**Problem to work on:** Nothing in the records may be dropped or altered when you repeat them.
Information given section start
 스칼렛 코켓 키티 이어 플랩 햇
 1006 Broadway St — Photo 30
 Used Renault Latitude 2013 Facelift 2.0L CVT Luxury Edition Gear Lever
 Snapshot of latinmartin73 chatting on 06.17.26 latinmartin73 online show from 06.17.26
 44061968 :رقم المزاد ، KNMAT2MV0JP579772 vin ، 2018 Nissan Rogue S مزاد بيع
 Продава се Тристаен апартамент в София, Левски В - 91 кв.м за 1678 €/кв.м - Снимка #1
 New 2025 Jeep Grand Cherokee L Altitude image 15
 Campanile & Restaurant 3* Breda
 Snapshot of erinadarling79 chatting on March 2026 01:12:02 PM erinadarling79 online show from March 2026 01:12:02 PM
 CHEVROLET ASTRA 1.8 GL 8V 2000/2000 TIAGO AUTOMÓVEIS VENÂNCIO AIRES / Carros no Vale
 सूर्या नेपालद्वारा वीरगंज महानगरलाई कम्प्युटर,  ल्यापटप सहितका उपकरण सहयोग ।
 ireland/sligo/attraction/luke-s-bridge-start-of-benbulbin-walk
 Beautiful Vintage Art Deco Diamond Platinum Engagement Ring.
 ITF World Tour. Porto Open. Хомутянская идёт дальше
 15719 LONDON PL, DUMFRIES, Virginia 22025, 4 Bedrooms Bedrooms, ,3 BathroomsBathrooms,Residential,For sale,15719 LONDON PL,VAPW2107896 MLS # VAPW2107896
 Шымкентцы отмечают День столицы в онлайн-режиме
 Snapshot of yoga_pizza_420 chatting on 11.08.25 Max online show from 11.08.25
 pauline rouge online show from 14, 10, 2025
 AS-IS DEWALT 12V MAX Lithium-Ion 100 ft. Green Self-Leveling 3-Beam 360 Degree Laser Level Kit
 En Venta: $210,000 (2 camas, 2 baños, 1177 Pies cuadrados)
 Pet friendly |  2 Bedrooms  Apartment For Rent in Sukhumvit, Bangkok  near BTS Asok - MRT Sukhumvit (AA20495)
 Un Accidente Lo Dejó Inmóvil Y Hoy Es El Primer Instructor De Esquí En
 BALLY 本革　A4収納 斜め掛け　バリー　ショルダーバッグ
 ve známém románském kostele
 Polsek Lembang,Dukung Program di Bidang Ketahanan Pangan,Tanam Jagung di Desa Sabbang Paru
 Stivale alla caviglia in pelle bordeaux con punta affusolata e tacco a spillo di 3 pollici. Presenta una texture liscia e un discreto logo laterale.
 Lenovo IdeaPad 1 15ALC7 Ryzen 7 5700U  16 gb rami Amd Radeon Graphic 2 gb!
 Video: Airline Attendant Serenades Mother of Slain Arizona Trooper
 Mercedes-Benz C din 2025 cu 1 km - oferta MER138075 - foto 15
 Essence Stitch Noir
Information given section end
**Solved problem:**
 스칼렛 코켓 키티 이어 플랩 햇
 1006 Broadway St — Photo 30
 Used Renault Latitude 2013 Facelift 2.0L CVT Luxury Edition Gear Lever
 Snapshot of latinmartin73 chatting on 06.17.26 latinmartin73 online show from 06.17.26
 44061968 :رقم المزاد ، KNMAT2MV0JP579772 vin ، 2018 Nissan Rogue S مزاد بيع
 Продава се Тристаен апартамент в София, Левски В - 91 кв.м за 1678 €/кв.м - Снимка #1
 New 2025 Jeep Grand Cherokee L Altitude image 15
 Campanile & Restaurant 3* Breda
 Snapshot of erinadarling79 chatting on March 2026 01:12:02 PM erinadarling79 online show from March 2026 01:12:02 PM
 CHEVROLET ASTRA 1.8 GL 8V 2000/2000 TIAGO AUTOMÓVEIS VENÂNCIO AIRES / Carros no Vale
 सूर्या नेपालद्वारा वीरगंज महानगरलाई कम्प्युटर,  ल्यापटप सहितका उपकरण सहयोग ।
 ireland/sligo/attraction/luke-s-bridge-start-of-benbulbin-walk
 Beautiful Vintage Art Deco Diamond Platinum Engagement Ring.
 ITF World Tour. Porto Open. Хомутянская идёт дальше
 15719 LONDON PL, DUMFRIES, Virginia 22025, 4 Bedrooms Bedrooms, ,3 BathroomsBathrooms,Residential,For sale,15719 LONDON PL,VAPW2107896 MLS # VAPW2107896
 Шымкентцы отмечают День столицы в онлайн-режиме
 Snapshot of yoga_pizza_420 chatting on 11.08.25 Max online show from 11.08.25
 pauline rouge online show from 14, 10, 2025
 AS-IS DEWALT 12V MAX Lithium-Ion 100 ft. Green Self-Leveling 3-Beam 360 Degree Laser Level Kit
 En Venta: $210,000 (2 camas, 2 baños, 1177 Pies cuadrados)
 Pet friendly |  2 Bedrooms  Apartment For Rent in Sukhumvit, Bangkok  near BTS Asok - MRT Sukhumvit (AA20495)
 Un Accidente Lo Dejó Inmóvil Y Hoy Es El Primer Instructor De Esquí En
 BALLY 本革　A4収納 斜め掛け　バリー　ショルダーバッグ
 ve známém románském kostele
 Polsek Lembang,Dukung Program di Bidang Ketahanan Pangan,Tanam Jagung di Desa Sabbang Paru
 Stivale alla caviglia in pelle bordeaux con punta affusolata e tacco a spillo di 3 pollici. Presenta una texture liscia e un discreto logo laterale.
 Lenovo IdeaPad 1 15ALC7 Ryzen 7 5700U  16 gb rami Amd Radeon Graphic 2 gb!
 Video: Airline Attendant Serenades Mother of Slain Arizona Trooper
 Mercedes-Benz C din 2025 cu 1 km - oferta MER138075 - foto 15
 Essence Stitch Noir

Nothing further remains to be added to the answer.